Unpaid leave is governed by art. 174 and 174.1 of the Labour Code. Upon receipt of an employee’s application in accordance with the requirements of the regulations, the employer may comply with the request and agree to unpaid days off, but he also has the right to refuse unpaid leave and, importantly, he is not obliged to justify his decision. Both parties must also remember that the length of unpaid leave is not included in the period of work on which employee rights depend – unless internal regulations provide otherwise.

It may also happen that it is the employer who seeks to start the unpaid leave of the employed person. Then the entrepreneur, with the employee’s consent, grants him or her and unpaid leave for the duration of work for another employer – the duration of the leave is then determined in the relevant agreement between the employers. In the case of leaves used for this purpose, their days are counted towards the length of service of the employee with the employer granting the leave.


Does the duration of unpaid leave depend on the length of service?

Therefore, we already know how our issue is regulated by law, but we still have not touched on one important aspect – we do not know what the maximum length of an employee’s unpaid leave is. In the case of holiday leaves, the matter is clear and depends on the seniority. The specific number of days also applies to special leave. Training leave is a bit more flexible. And what does the Labour Code say about unpaid leave in this case? Can you take, for example, a month’s unpaid leave?

The regulations do not impose time limits when it comes to unpaid leave. However, it is worth knowing that in the case of a long-term unpaid leave – longer than 3 months – the parties are not obliged to continue it at any cost. Both the employer and the employee may decide to end the unpaid leave for important reasons. Then the content of the application should include a provision, e.g. about a weekly or two-week period of recalling an employee from unpaid leave.


What are the consequences of granting unpaid leave?

Pursuant to the provisions of the Labour Code, unpaid leave gives you the opportunity to take advantage of additional days off, but it affects other employee rights. This is especially important information in a situation where an employee fell ill during his unpaid leave.

During the unpaid leave, the employer does not pay social contributions (including sickness insurance contributions) for the employee, which means that the employee loses the right to sickness benefits and allowances during this time.

Not everyone also knows that during unpaid leave lasting more than 30 days, family members reported by the employee to health insurance will also lose their right to it.

Absence due to unpaid leave also affects holiday leave. For every 30 days of unpaid leave granted to an employee (these days can be added up), the employer reduces the annual leave by 1/12. An exception to this rule is the situation when the reduction of the holiday leave takes place only in the year of the employee’s return to work and for full years of absence. This is stated in Article 1552 § 1 of the Labour Code.


Examples of unpaid leave consequences:

An employee with 6 years of seniority used unpaid leave from 1 September, 2021 to 30 April, 2022.

Annual leave for 2021 is due to the employee in full, because the condition for reducing the annual leave is the employee’s return to work in the year of using the unpaid leave.
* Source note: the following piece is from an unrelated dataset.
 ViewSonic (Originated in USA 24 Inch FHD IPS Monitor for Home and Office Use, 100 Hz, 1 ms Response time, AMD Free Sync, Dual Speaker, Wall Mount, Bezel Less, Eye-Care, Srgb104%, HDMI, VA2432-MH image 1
The indicated unpaid leave reduces the annual leave due for 2022. The HR and Payroll Specialist must reduce the employee’s leave by 4/12 – due to the fact that he continues his work later this year.

If an employee’s unpaid leave covers a full calendar year and the person does not plan a single day of work, the entrepreneur does not determine the annual leave for that year at all.


Under what circumstances can an employee ask the employer for unpaid leave?

Unpaid leave is a good solution in a situation where an employee has used a training leave and failed to complete the process of improving his professional qualifications. You can also consider granting unpaid leave to spouses who are planning a longer trip together, or to employees who have already exhausted other possibilities of justified absence from work to settle their private matters or take advantage of the occasional offer of another job.

Let us remember, however, that the employer has the right to refuse to grant unpaid leave and that during the unpaid leave employees are not entitled to cash benefits, e.g. for the time of illness or child care, and their holiday leave may be proportionally reduced.